Jillian Norton (flute), Martin Penicka (cello), and Amanda Hodder (piano) performed Romantic music, the first of several events at various venues around the State. While the concert was occasionally accompanied by the sound of heavy rain on the metal roof of the winery, it hardly affected enjoyment of some well-chosen pieces. Focused, committed playing graced music by Philippe Gaubert, Johann Nepomuk Hummel, Astor Piazzolla, and Carl Maria von Weber. The works offered a continuous contrast of styles, opening with Gaubert's "Piece Romantique", which was given a requisite elegance and Gallic charm. The Piazzolla tangos "La muerte del angel", with its fugal opening and harmonic poignancy, and "Oblivion", the encore, were especially appealing. The structurally more substantial Weber "Trio for flute, cello and piano in G minor, Op 63" and Hummel's "Adagio, Variations and Rondo on a Russian Theme, Op 78" were most enjoyable, especially the superb Weber Trio, which should be heard more frequently.
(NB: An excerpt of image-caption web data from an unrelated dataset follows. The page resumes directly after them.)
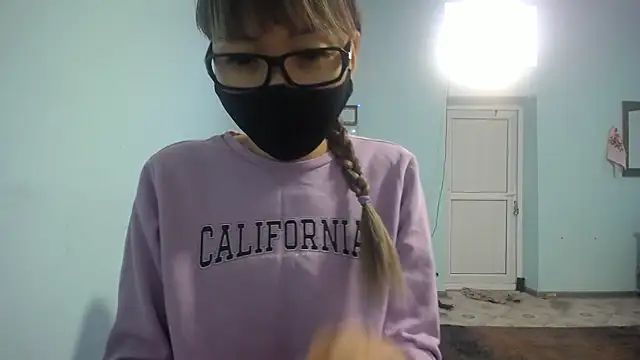 elllaaxx online show from February 2, 2025, 4:05 am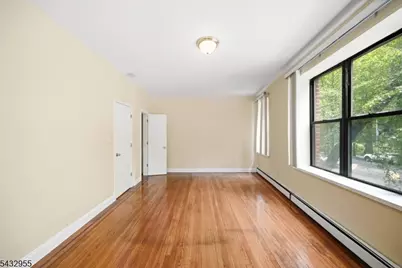 5 Pomona Ave #2C, Newark, NJ 07112 - Photo 14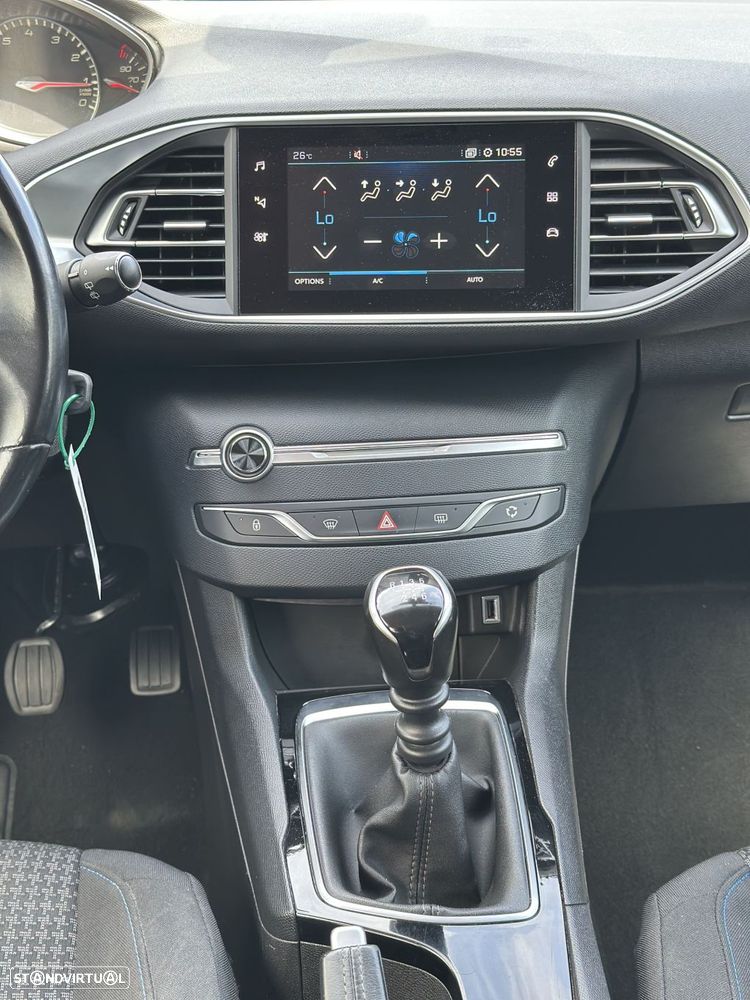 Peugeot 308 - 7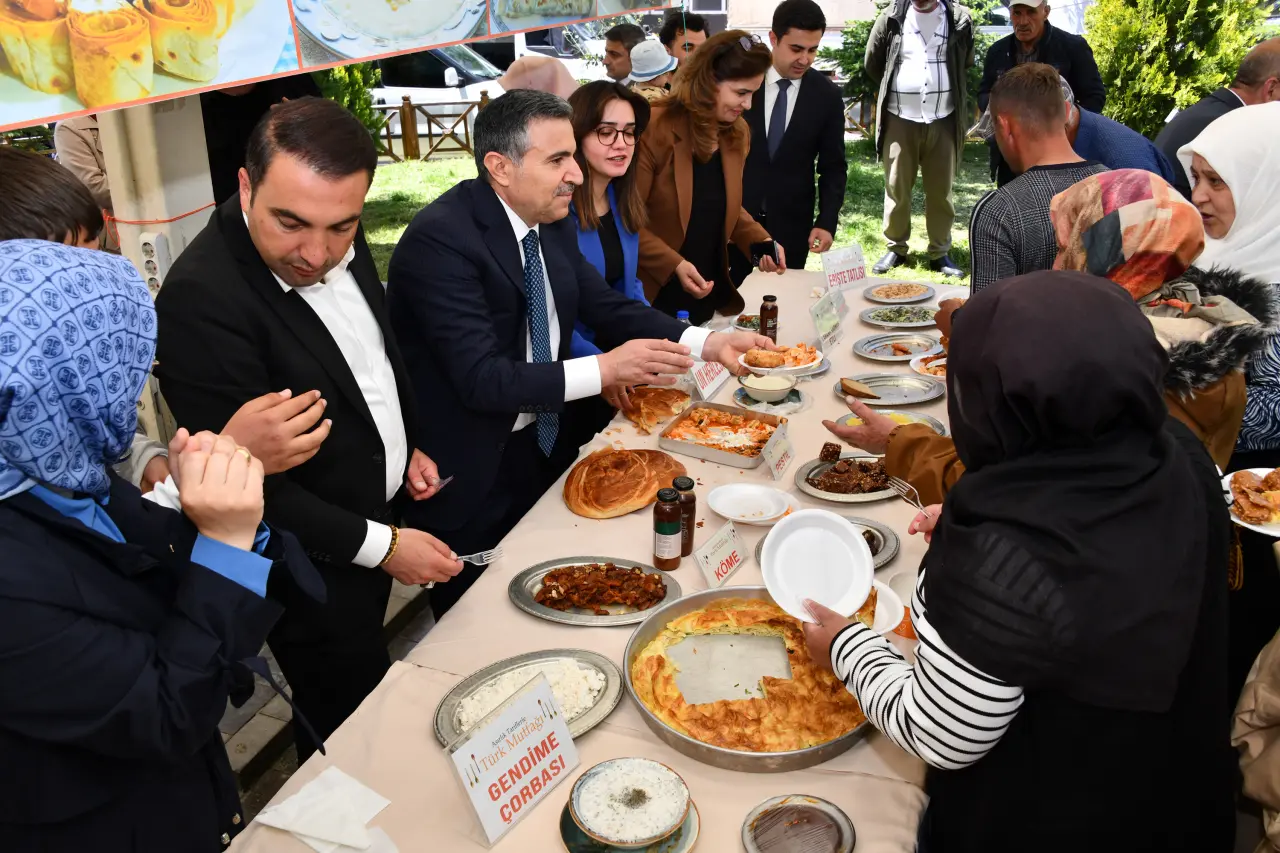 Atatürk Parkı'nda Renkli Görüntüler: Asırlık Lezzetler Gümüşhane'de Görücüye Çıktı! 11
There will be further performances at Devonport and Westbury on June 6 and 7 respectively.

Peter Donnelly
Mercury 3rd June 2015

Debussy and Haydn

CD: Virtuosi Tasmania
Huon Quartet
Debussy, Haydn
Virtuosi Tasmania Records

Haydn dances with Debussy at the Hobart Governor’s Ballroom.

Two minor string quartets recorded in the Ballroom of Government House, Hobart might sound underwhelming, but Virtuosi Tasmania provide a terrific match with Haydn and Debussy on their latest release.

Debussy’s stunning String Quartet in G Minor is thrillingly suspenseful. The second movement throbs with metronomic pizzicato, supplying fantastic textural contrasts. The Andantino, doucement expressif is painful in its beauty: this is the sort of music string quartets were created for. The romance comes to an impossibly peaceful ending, weakened only by a shaky beginning to the final chord. A pulsing cello drives the final movement to its brilliant finish.

Haydn’s String Quartet in F Minor, Op 20 No 5 sounds conservative and might have had more impact had it been placed first.

This is not to suggest the two works aren’t an appropriate fit – in fact, Haydn offers an emotional respite after the intensity of the Debussy. Haydn’s reliably repetitive motives in the first movement are followed by a light Menuetto. Because of the subtlety of this quartet, the ballroom’s mildly reverberant acoustics are more apparent. The Adagio pulses like a lullaby before coming to a dreamy end, followed by the Finale: Fuga a due soggetti. These final movements would go well without a break, and despite the Finale’s darker feel, the quartet still retains the lightness of the third movement before its bold conclusion.